What the task requires.
Find the line with "Vanessa Virginia Cut" in the data below. Repeat it and every line after it up to the end, exactly, but drop the pictures.
Data START
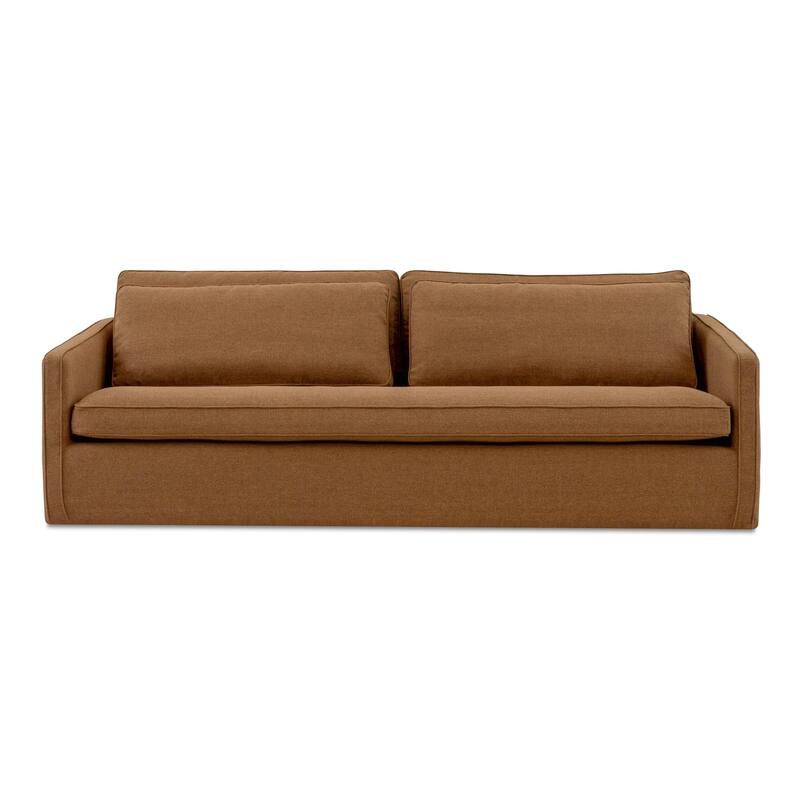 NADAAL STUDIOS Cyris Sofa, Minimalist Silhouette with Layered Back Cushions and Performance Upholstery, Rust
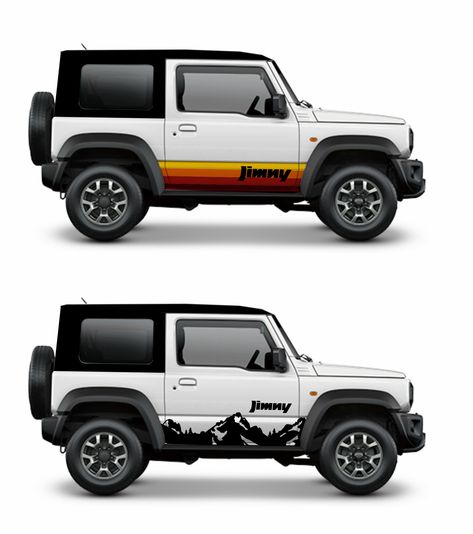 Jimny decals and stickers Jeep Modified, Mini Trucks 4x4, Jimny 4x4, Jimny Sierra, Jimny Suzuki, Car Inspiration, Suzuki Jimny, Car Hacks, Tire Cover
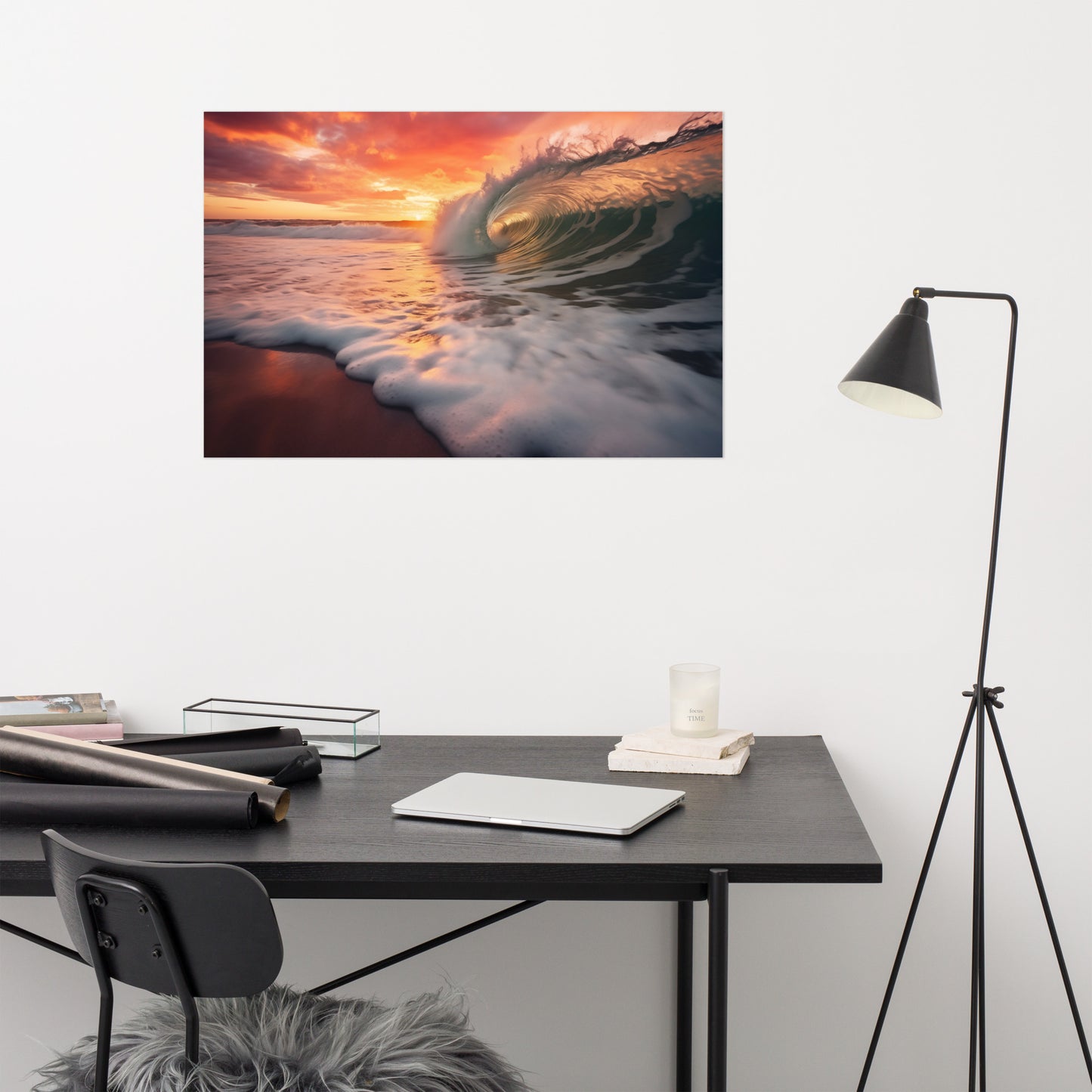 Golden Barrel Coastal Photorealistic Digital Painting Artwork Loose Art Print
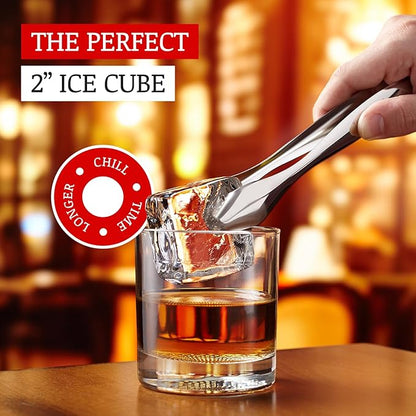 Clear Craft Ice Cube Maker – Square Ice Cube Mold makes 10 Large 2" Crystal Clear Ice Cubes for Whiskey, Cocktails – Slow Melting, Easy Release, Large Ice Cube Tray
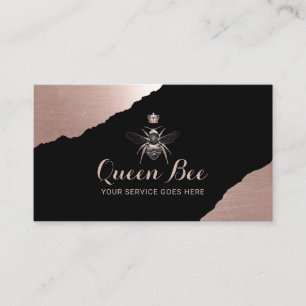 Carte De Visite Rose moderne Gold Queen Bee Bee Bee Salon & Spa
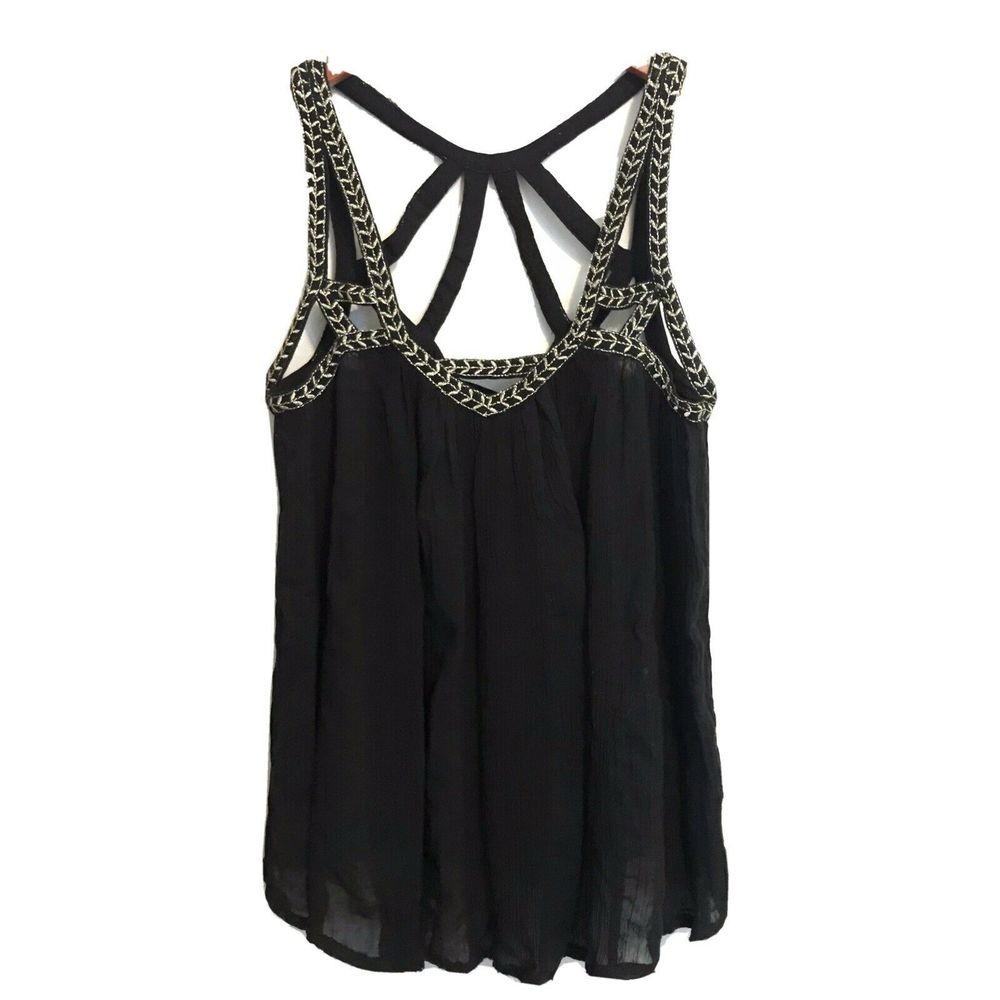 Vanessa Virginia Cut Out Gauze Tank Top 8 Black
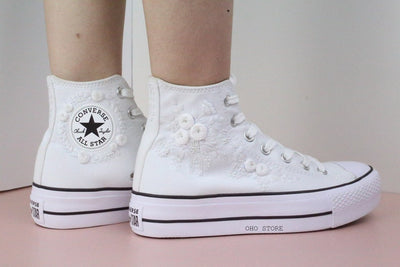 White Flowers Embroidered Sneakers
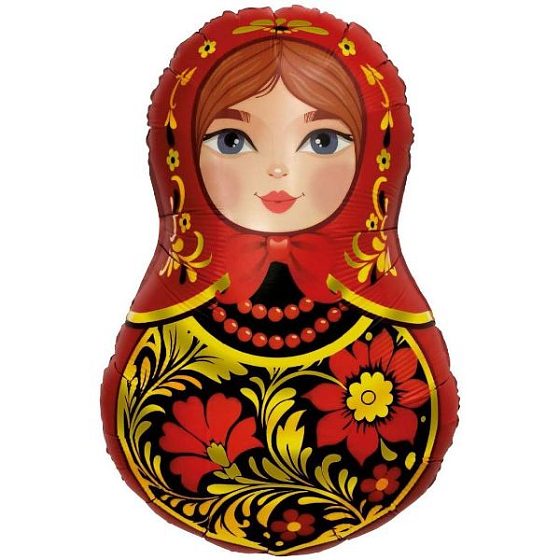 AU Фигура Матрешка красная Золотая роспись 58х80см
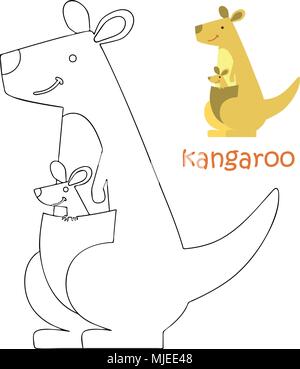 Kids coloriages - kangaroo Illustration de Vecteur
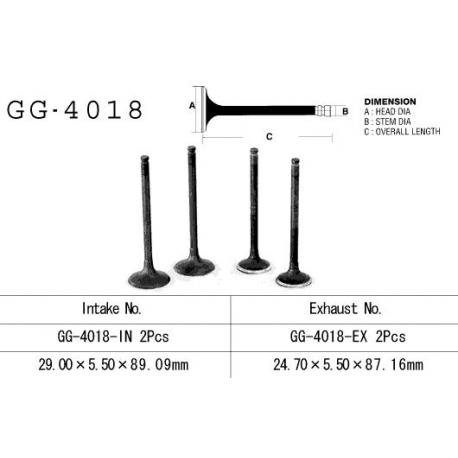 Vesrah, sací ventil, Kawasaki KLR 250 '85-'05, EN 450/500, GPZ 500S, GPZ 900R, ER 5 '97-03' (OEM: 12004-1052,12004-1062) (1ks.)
Data END
Result for this exercise.
 Vanessa Virginia Cut Out Gauze Tank Top 8 Black
 White Flowers Embroidered Sneakers
 AU Фигура Матрешка красная Золотая роспись 58х80см
 Kids coloriages - kangaroo Illustration de Vecteur
 Vesrah, sací ventil, Kawasaki KLR 250 '85-'05, EN 450/500, GPZ 500S, GPZ 900R, ER 5 '97-03' (OEM: 12004-1052,12004-1062) (1ks.)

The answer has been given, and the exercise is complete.